Tidak puas, beberapa komentator liberal menggerutu bahwa tuduhan itu, meski disambut baik, mewakili penolakan anti-klimaks yang mungkin atau mungkin tidak mengarah pada kebangkitan atau kehancuran politik Trump.
Saya berbagi sedikit kesedihan mereka. Saya telah menulis tentang popularitas Trump yang gigih dan membingungkan, bahkan di hadapan sejumlah tuduhan kriminal yang, jika kesopanan atau kejujuran penting, akan mendiskualifikasi presiden ke-45 untuk menjadi panglima tertinggi lagi.
Namun saya tetap yakin bahwa keropeng yang terkadang gatal ini kehilangan makna dan tujuan yang meyakinkan dari tuduhan Trump.
Orang Amerika biasa dan anonim yang membentuk tiga dewan juri yang hingga saat ini telah mendakwa atau diharapkan untuk mendakwa orang bodoh vulgar yang diberi kekuasaan besar sebagai presiden telah mengindahkan seruan Franklin untuk menjaga republik mereka tetap utuh.
Mereka melakukan bagian mereka untuk menangkap bajingan yang tidak menyesal yang ingin menggunakan hak prerogatif dan hak prerogatif raja yang sangat berkuasa.
Ini adalah tindakan kewarganegaraan yang diperlukan yang mengharuskan orang Amerika yang tercerahkan untuk menolak — terkadang dengan risiko besar dan biasanya dengan sedikit kemeriahan — rancangan jahat seorang demagog yang lebih memilih otokrasi daripada demokrasi.
Begitulah pembangkangan sebagian besar petugas Polisi Capitol anonim, tidak diragukan lagi dimotivasi sebagian oleh kebutuhan untuk melestarikan, melindungi, dan membela Konstitusi Amerika.

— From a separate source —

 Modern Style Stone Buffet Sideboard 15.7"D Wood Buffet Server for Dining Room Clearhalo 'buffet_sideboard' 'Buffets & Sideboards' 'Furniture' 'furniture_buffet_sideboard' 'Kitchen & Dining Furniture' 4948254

Mereka berdiri tegak meskipun kewalahan, dikuasai dan terluka dalam tubuh, pikiran dan jiwa.
Mereka menang.
Alih-alih berkubang dalam kekecewaan, para penulis liberal yang sedih harus memuji tekad orang-orang Amerika yang terhormat yang meminta pertanggungjawaban presiden yang tidak terhormat. Mereka bertindak sebagai benteng – seperti yang disarankan Franklin – melawan penipu “populis” yang ingin menghapus republik dalam pengejaran uang, kekuasaan, dan balas dendam yang obsesif.
Ironi yang menarik adalah bahwa nasib Trump pada akhirnya akan ditentukan oleh jenis orang Amerika anonim sehari-hari yang dia benci dan kepada siapa dia akan menolak keanggotaan di monumen berlapis emas untuk kitsch dan pemborosan, Mar-a-Lago.
Trump telah menindas dan membujuk sebagian besar Partai Republik untuk terlibat dan diam.
Dia tidak mengandalkan legiun orang Amerika bijak yang menolak untuk diintimidasi agar terlibat atau diam – di dalam ruang sidang atau di tempat pemungutan suara.
Betapapun rusaknya, ini adalah republik mereka – bukan milik Trump – dan mereka berniat untuk mempertahankannya.
Pendapat yang diungkapkan dalam artikel ini adalah milik penulis sendiri dan tidak mencerminkan posisi redaksi Al Jazeera.